-- Information provided follows --

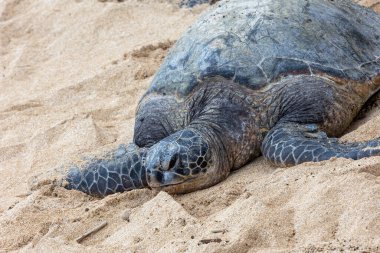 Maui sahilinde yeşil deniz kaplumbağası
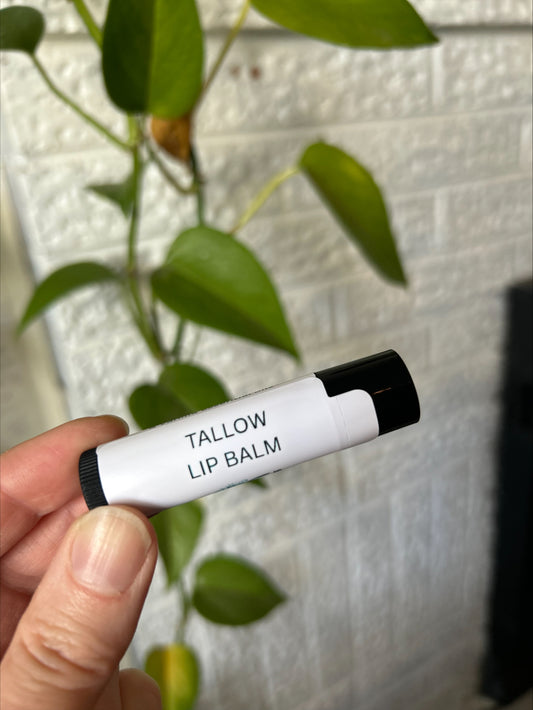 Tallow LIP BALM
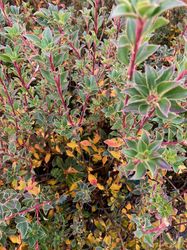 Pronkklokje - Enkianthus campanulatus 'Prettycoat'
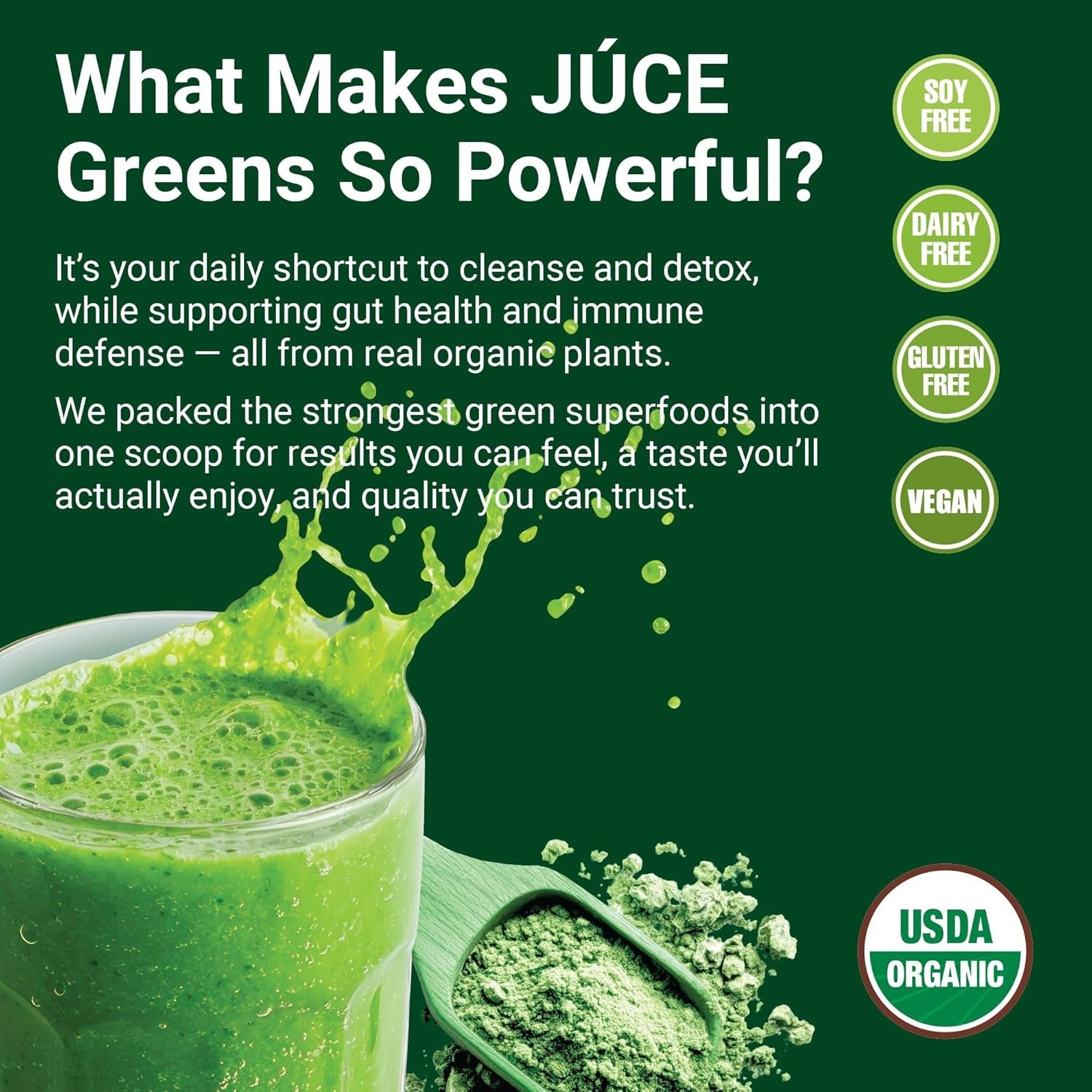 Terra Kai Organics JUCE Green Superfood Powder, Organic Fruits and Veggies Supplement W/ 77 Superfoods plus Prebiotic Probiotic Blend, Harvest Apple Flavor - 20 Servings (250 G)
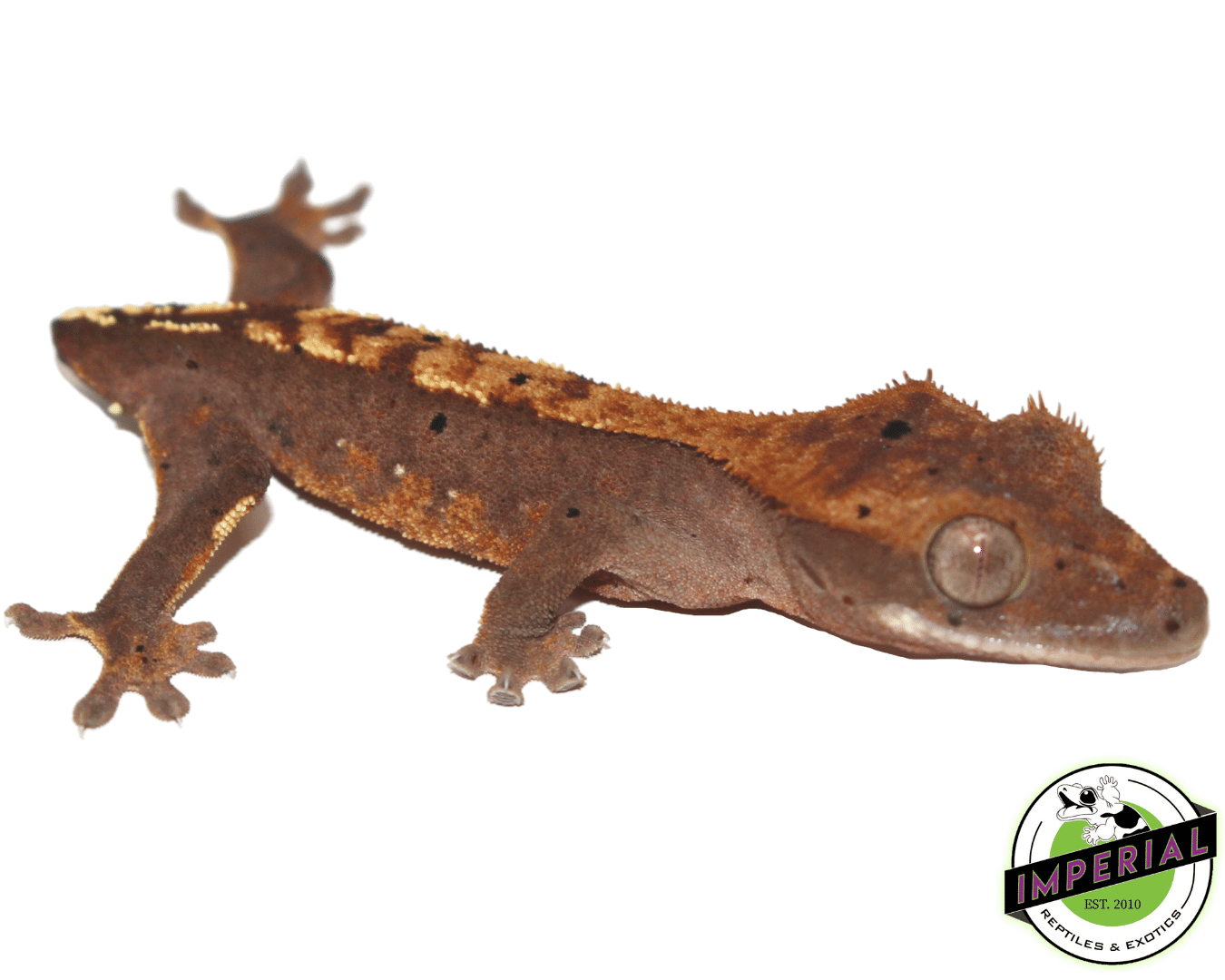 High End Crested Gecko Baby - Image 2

-- Information provided concluded --
-- Information provided follows --

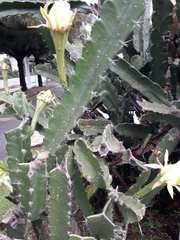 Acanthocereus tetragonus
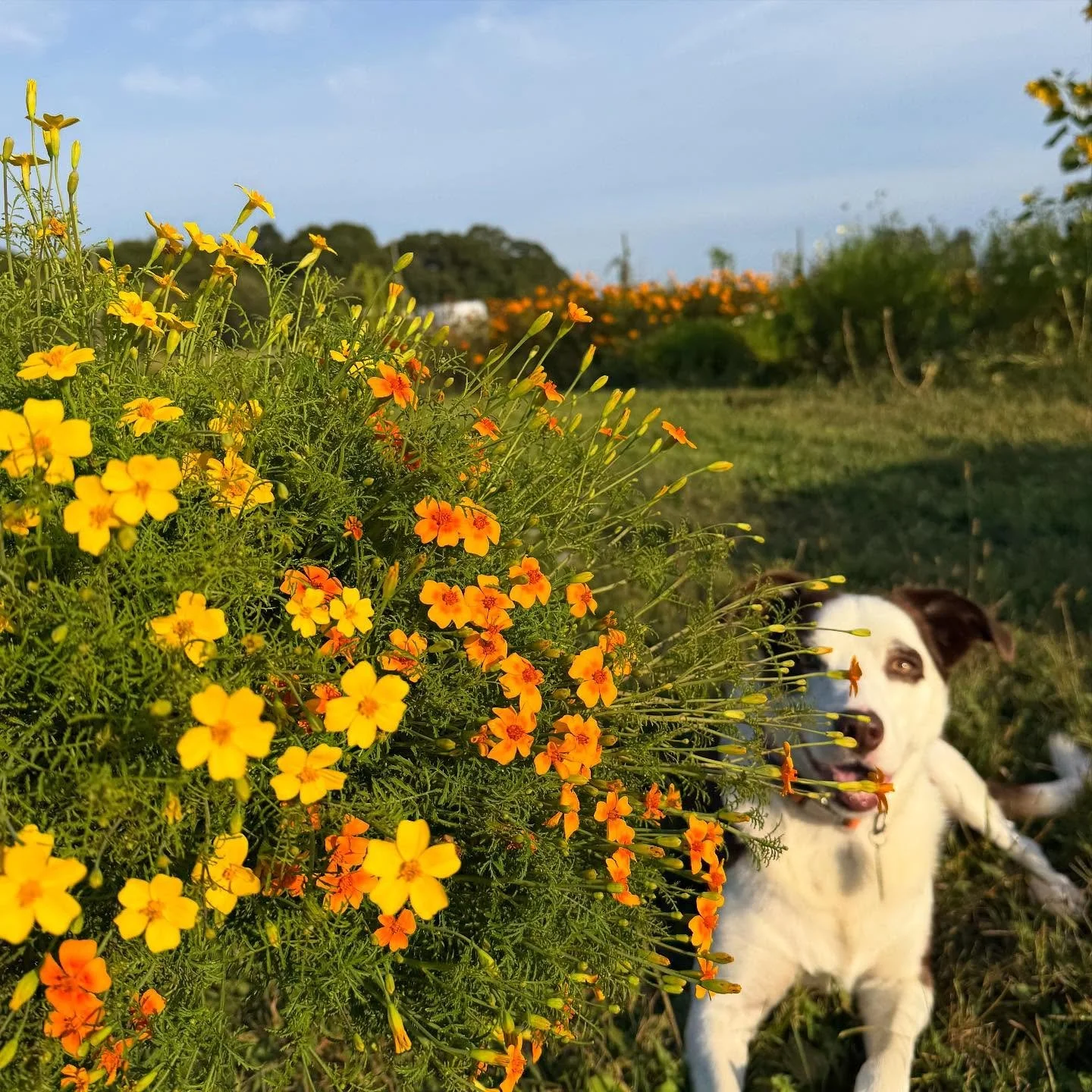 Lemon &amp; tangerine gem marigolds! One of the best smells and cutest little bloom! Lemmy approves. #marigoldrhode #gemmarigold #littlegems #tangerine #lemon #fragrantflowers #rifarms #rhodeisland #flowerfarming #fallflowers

-- Information provided concluded --

● **Work required**:
In the records above, copy exactly everything from the line that has "Maui sahilinde yeşil deniz kaplumbağası" down to the line that has "Terra Kai Organics", both ends included, and leave out the pictures.

● **Exercise result**:
 Maui sahilinde yeşil deniz kaplumbağası
 Tallow LIP BALM
 Pronkklokje - Enkianthus campanulatus 'Prettycoat'
 Terra Kai Organics JUCE Green Superfood Powder, Organic Fruits and Veggies Supplement W/ 77 Superfoods plus Prebiotic Probiotic Blend, Harvest Apple Flavor - 20 Servings (250 G)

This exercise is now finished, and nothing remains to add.